## WHAT IS EXPECTED
Every line from the first one in the listing down to the line with "Lenovo ThinkPad T14s" should be restated word for word.

RECORDS SUPPLIED START

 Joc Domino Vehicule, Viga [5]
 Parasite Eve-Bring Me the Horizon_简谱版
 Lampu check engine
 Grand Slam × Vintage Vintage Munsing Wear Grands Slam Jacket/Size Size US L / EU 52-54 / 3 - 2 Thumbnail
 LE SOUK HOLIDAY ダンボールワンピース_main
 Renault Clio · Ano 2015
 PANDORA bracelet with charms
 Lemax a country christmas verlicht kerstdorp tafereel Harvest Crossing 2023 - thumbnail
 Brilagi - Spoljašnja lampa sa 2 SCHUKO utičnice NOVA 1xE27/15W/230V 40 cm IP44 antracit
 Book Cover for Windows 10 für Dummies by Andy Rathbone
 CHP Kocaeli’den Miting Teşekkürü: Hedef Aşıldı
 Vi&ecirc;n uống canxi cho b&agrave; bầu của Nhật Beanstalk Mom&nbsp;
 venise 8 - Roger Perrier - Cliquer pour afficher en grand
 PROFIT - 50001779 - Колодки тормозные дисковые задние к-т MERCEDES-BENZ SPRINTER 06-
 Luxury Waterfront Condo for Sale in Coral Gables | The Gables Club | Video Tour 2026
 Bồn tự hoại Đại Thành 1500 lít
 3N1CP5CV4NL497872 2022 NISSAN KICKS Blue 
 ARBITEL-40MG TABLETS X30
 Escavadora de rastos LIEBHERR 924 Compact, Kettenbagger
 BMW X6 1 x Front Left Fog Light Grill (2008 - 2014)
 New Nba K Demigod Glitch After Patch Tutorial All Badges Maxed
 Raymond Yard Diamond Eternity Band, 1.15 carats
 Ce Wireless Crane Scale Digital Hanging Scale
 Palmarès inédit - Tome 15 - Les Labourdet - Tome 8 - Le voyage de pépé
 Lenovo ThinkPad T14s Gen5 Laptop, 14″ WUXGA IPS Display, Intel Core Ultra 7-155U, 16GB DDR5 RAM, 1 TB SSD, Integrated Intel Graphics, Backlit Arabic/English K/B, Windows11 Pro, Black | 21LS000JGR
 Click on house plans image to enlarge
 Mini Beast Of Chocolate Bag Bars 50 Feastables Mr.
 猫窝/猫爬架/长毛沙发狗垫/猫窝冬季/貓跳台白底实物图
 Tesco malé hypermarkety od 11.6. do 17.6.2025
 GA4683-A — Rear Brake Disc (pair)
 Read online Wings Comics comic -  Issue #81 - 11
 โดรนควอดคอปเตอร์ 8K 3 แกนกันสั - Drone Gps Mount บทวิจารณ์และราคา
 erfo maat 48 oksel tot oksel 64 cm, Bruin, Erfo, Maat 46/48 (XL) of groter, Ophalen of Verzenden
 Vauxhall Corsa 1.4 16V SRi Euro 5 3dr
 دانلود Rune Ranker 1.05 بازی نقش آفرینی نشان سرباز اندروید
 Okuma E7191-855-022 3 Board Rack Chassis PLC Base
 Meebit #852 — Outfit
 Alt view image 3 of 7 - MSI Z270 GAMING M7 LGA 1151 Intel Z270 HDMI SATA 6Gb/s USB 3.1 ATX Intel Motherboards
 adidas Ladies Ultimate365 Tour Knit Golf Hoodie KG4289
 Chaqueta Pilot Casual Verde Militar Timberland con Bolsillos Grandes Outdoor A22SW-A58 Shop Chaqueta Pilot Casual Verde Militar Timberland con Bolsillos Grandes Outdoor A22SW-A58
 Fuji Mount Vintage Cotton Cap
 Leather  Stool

RECORDS SUPPLIED END

## RESPONSE
 Joc Domino Vehicule, Viga [5]
 Parasite Eve-Bring Me the Horizon_简谱版
 Lampu check engine
 Grand Slam × Vintage Vintage Munsing Wear Grands Slam Jacket/Size Size US L / EU 52-54 / 3 - 2 Thumbnail
 LE SOUK HOLIDAY ダンボールワンピース_main
 Renault Clio · Ano 2015
 PANDORA bracelet with charms
 Lemax a country christmas verlicht kerstdorp tafereel Harvest Crossing 2023 - thumbnail
 Brilagi - Spoljašnja lampa sa 2 SCHUKO utičnice NOVA 1xE27/15W/230V 40 cm IP44 antracit
 Book Cover for Windows 10 für Dummies by Andy Rathbone
 CHP Kocaeli’den Miting Teşekkürü: Hedef Aşıldı
 Vi&ecirc;n uống canxi cho b&agrave; bầu của Nhật Beanstalk Mom&nbsp;
 venise 8 - Roger Perrier - Cliquer pour afficher en grand
 PROFIT - 50001779 - Колодки тормозные дисковые задние к-т MERCEDES-BENZ SPRINTER 06-
 Luxury Waterfront Condo for Sale in Coral Gables | The Gables Club | Video Tour 2026
 Bồn tự hoại Đại Thành 1500 lít
 3N1CP5CV4NL497872 2022 NISSAN KICKS Blue 
 ARBITEL-40MG TABLETS X30
 Escavadora de rastos LIEBHERR 924 Compact, Kettenbagger
 BMW X6 1 x Front Left Fog Light Grill (2008 - 2014)
 New Nba K Demigod Glitch After Patch Tutorial All Badges Maxed
 Raymond Yard Diamond Eternity Band, 1.15 carats
 Ce Wireless Crane Scale Digital Hanging Scale
 Palmarès inédit - Tome 15 - Les Labourdet - Tome 8 - Le voyage de pépé
 Lenovo ThinkPad T14s Gen5 Laptop, 14″ WUXGA IPS Display, Intel Core Ultra 7-155U, 16GB DDR5 RAM, 1 TB SSD, Integrated Intel Graphics, Backlit Arabic/English K/B, Windows11 Pro, Black | 21LS000JGR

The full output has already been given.